Payments through mobile phones have topped 700 million rupees a month, Sri Lanka's Dialog Axiata said as Etisalat, a competitor tied up to use the service, in what officials said was the world first such partnership.
Fariq Cader, head of mobile money and payments systems at Dialog said during 2013, 6 billion rupees of deals had taken place though its mobile payment platform and monthly transactions had now topped 700 million rupees.
Dialog had 1.3 million of its 7.5 million subscribers on its 'eZcash' branded service.
Etisalat Lanka, which has more than 4 million subscribers in its network, joined Dialog to use its service.
Gerald Rasagu, a specialist on mobile money from GSM Association, a body representing over 800 operators said it was the first time two operators had tied up to use a common branded mobile payment platform.
"We know the world will be looking at this new path you have taken and looking to replicate it," Rasagu said.
Sharing the payment platform allowed networks to cut costs and serve subscribers better.
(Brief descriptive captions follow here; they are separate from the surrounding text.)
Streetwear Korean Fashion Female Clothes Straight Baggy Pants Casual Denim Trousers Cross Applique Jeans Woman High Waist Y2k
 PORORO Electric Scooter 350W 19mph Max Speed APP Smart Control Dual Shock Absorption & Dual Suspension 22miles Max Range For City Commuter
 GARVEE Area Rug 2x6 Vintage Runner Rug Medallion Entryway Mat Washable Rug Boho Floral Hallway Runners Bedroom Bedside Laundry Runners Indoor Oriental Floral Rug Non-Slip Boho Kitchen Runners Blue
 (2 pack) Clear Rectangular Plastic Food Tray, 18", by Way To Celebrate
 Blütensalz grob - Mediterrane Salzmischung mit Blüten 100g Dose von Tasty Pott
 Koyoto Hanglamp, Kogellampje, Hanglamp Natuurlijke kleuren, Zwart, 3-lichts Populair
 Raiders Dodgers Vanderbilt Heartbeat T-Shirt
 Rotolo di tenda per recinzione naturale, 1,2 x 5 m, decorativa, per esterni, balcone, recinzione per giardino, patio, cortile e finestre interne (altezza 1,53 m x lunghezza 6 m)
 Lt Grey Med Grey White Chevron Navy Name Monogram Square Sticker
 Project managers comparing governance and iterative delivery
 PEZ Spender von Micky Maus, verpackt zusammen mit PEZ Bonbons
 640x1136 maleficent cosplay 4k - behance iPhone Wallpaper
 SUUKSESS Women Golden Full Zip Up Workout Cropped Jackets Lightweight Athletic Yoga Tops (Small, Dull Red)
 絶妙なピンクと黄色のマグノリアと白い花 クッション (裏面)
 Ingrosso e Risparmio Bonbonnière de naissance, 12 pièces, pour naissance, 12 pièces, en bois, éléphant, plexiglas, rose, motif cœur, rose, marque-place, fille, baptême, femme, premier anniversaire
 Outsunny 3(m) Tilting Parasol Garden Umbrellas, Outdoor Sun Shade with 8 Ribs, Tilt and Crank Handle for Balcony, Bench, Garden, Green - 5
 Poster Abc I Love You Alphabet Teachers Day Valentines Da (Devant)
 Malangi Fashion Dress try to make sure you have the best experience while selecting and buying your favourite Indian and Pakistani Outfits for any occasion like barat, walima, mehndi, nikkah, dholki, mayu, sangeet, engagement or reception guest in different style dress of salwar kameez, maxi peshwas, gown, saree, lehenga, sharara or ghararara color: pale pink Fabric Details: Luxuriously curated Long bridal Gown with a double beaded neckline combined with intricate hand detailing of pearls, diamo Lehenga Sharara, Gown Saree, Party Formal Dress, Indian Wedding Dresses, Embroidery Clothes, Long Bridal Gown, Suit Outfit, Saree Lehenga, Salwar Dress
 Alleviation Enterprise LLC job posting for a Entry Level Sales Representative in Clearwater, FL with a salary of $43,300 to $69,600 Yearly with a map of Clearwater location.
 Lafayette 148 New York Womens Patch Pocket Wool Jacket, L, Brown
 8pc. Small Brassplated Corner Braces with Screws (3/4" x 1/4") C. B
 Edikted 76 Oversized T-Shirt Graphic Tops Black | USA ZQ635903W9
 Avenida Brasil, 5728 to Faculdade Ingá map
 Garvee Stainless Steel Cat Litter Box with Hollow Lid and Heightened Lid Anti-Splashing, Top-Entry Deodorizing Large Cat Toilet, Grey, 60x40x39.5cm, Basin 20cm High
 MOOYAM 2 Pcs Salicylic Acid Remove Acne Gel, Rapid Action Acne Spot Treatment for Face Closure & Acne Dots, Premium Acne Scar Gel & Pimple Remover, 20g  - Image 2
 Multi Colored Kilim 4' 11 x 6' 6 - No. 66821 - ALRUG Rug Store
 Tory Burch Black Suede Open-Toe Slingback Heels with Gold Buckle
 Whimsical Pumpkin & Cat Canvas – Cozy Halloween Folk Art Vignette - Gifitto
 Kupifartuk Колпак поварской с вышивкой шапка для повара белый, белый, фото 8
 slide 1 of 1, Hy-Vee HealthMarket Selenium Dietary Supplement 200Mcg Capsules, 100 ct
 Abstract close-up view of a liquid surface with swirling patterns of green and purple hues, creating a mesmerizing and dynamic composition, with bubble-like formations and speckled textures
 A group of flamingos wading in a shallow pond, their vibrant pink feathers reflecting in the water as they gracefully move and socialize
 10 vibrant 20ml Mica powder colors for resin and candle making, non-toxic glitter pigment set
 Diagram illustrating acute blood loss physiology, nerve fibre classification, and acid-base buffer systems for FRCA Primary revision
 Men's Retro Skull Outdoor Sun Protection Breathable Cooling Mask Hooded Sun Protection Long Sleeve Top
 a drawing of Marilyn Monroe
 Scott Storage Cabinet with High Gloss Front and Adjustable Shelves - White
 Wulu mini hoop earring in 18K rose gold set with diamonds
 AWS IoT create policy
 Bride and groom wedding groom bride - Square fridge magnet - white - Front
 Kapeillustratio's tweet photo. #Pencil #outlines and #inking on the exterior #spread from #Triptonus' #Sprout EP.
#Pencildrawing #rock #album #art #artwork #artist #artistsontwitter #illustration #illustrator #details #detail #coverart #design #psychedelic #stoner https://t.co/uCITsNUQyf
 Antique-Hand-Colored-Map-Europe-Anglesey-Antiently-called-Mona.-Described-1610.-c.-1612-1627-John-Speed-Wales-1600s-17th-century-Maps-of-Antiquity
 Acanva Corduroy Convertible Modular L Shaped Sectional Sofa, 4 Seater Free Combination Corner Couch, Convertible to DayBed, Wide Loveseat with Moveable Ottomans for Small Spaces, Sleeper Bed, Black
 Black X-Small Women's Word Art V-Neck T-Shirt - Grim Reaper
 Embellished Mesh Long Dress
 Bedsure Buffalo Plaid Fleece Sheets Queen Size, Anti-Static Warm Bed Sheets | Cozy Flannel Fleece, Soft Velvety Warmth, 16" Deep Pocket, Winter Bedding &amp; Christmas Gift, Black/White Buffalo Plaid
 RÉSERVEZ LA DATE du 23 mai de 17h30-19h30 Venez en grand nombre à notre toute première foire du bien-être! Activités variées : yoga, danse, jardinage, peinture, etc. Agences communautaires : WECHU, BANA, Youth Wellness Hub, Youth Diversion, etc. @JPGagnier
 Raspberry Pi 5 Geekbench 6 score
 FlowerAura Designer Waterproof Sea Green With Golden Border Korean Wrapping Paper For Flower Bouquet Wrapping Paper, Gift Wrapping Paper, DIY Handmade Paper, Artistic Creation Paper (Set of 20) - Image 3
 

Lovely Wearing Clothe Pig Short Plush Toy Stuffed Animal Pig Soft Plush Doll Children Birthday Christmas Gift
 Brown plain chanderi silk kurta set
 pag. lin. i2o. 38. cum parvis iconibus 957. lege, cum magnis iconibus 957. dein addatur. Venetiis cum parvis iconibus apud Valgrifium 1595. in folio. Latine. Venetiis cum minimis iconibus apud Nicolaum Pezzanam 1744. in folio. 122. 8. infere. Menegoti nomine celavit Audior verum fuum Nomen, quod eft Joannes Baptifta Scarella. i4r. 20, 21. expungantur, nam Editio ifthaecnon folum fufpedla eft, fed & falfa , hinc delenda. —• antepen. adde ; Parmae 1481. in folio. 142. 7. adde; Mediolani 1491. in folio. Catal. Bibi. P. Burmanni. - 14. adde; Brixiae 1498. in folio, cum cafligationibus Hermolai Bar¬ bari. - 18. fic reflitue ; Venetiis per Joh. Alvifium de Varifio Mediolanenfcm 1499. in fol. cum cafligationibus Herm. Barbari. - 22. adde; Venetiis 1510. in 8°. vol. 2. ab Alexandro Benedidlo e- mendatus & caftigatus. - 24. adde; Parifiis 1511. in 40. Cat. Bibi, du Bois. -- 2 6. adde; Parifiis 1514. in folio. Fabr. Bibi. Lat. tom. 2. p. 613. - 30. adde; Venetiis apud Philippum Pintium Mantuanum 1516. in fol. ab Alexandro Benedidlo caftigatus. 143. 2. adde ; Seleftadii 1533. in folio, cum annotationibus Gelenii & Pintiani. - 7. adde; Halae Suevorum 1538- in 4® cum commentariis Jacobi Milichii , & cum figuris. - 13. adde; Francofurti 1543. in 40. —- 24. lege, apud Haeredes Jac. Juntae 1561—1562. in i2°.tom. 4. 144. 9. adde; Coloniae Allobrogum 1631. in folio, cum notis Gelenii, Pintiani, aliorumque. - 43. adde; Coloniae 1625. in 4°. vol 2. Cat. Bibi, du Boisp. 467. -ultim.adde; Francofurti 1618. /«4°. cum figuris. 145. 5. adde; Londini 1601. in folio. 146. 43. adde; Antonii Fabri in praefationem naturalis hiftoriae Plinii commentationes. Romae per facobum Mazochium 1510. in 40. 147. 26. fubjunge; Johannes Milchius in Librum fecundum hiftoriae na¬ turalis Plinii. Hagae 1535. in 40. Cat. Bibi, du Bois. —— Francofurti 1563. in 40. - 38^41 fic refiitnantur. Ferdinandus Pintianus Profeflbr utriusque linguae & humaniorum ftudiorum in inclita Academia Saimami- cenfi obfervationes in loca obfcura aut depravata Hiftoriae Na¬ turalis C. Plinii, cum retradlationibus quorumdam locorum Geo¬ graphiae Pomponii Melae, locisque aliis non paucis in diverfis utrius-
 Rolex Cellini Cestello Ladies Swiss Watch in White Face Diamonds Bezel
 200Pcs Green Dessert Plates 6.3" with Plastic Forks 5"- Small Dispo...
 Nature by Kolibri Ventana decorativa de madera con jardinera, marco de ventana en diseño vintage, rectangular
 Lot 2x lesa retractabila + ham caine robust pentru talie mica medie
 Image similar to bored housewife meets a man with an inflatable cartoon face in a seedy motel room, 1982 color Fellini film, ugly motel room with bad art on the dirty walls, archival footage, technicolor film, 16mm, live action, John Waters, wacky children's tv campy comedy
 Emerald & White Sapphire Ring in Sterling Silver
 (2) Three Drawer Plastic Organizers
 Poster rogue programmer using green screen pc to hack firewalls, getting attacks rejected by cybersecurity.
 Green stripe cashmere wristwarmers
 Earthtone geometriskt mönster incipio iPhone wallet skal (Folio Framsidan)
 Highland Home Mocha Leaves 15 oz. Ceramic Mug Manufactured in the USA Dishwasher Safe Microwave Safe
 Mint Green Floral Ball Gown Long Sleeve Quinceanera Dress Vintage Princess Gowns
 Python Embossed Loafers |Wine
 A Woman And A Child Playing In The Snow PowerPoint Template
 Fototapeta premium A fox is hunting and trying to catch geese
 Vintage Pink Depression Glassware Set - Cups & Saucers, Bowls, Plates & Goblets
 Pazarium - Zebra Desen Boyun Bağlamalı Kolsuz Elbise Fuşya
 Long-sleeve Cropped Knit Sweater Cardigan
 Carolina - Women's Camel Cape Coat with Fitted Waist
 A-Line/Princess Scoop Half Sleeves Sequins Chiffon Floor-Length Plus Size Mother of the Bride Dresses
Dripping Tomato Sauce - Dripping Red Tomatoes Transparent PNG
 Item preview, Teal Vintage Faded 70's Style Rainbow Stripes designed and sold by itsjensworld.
Rasagu said competitive pressures seem to be keeping operators from sharing payment platforms in other countries, so far.
Officials said sharing the same platform allowed seamless interoperability and customers of both networks could now transact with each other as if they were on the same network.
Dialog group chief executive Hans Wijayasuriya said all operators in Sri Lanka had been invited to share its platform and so far only Etisalat had taken up the offer.
But the Dialog system allowed any operators to be 'plugged in'.
Etisalat acting chief executive Wail Salman said the process and time for getting approvals and setting up their own network was a key factor in the decision to share a payments network.
Cader said eZcash had a network of about 16,000 participants made up of telecom shops, supermarkets where payment could be made and collected as well as schools, utilities and insurance companies and state agencies that accepted mobile money.
Sharing networks avoided the use of multiple point of sale machinery and simplified the work of merchants in the system, they said.